A lot of the books we walked past were books that I owned and planned to bring back from home this summer and didn't want to spend the extra cash on. So, at an initial loss, I asked Leila what kind of books she wanted to read, she answered "Mysteries" and I started looking for Nancy Drew books. We found them. A LOT of them. 3 or 4 stands we walked past had the books, in excellent , poor, or restored condition, with new dustpaper jackets or the faded portrait covers. We ended up walking away with a copy of "The Mystery of the Fire Dragon," Keene's 38th installation in the girl detective's series. Considering the history of the Nancy Drew books and the fact that they were ghostwritten by many different authors, all under the pseudonym "Carolyn Keene," I figured it's probably not THAT harmful for her to start in the middle of this series.
In this search for books, I was most interested in getting her to read things that were by women or featured women as the main characters. I read a lot of Tamora Pierce when I was growing up, and I give her some credit for making me into the strong person I am today. We picked up "Sarah, Plain and Tall," which she had read in school, "The Princess and the Goblin," which one of my sisters LOVED, Sharon Creech's "The Wanderer," Gail Carson Levine's "Ella Enchanted," and the first part of the Guardian's of Ga'Hoole series. When all was said and done, it wasn't a bad haul, and she picked them up and started to read them right away as we drove home. I'm hoping her momentum continues and that she'll talk with me about the books as she gets further into them.
A trick she told me that her library teacher had offered to her and her classmates was to open the book to a random page, and then see how many words she didn't understand. I was proud when she told me one of them seemed "too easy," and we moved on to the next book. I'm excited for her to read more and hopefully gain an excitement about reading that we can share.
I went back with her older brother the next day, and we wandered around.
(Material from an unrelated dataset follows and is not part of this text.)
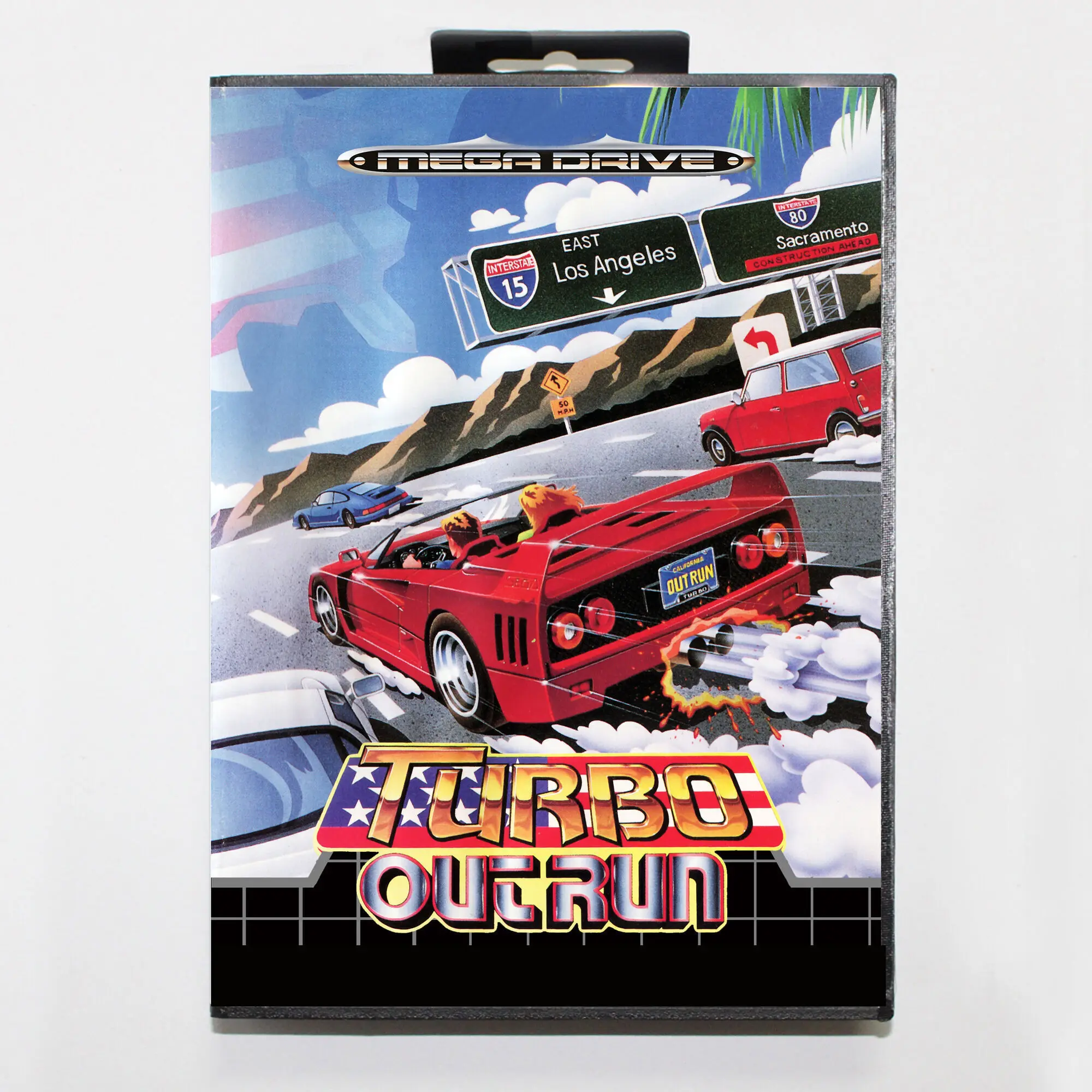 Turbo Outrun MD Game Card with EUR Box for 16 Bit Sega Megadrive Genesis system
The second day is DEFINITELY where you want to bring your heavy-duty book carrying material (we walked past a station wagon FILLED to the brim with books) and plenty of cash, because all of the books are on sale . Pennyworth Books was selling books for $8 apiece (even hot items like the first four Game of Thrones books), or 3 for $20. We moseyed around, stopped to look at the hand-lathed pens with reclaimed wood (some of which was 50,000 years old!!!), and walked away with "No Turning Back: The History of Feminism and the Future of Women" by Estelle Freedman, Isaac Asimov's "I, Robot" and David Petersen's graphic novel "Mouse Guard."
As a college student on a budget, the Lit Fest is simultaneously ecstasy and torture. It makes me really enthusiastic to see so many people excited about books of all kinds, but it is difficult to manage my money and not walk away with armloads of books (this is why I have to stay away from airport bookstores) when everything looks interesting and I have all this free time in the summer.
The Lit Fest is a great opportunity to check out independent bookstores in the Chicago Area, listen to authors and other influential folks in the literary world speak, and get excited about what I want to put on my summer reading list.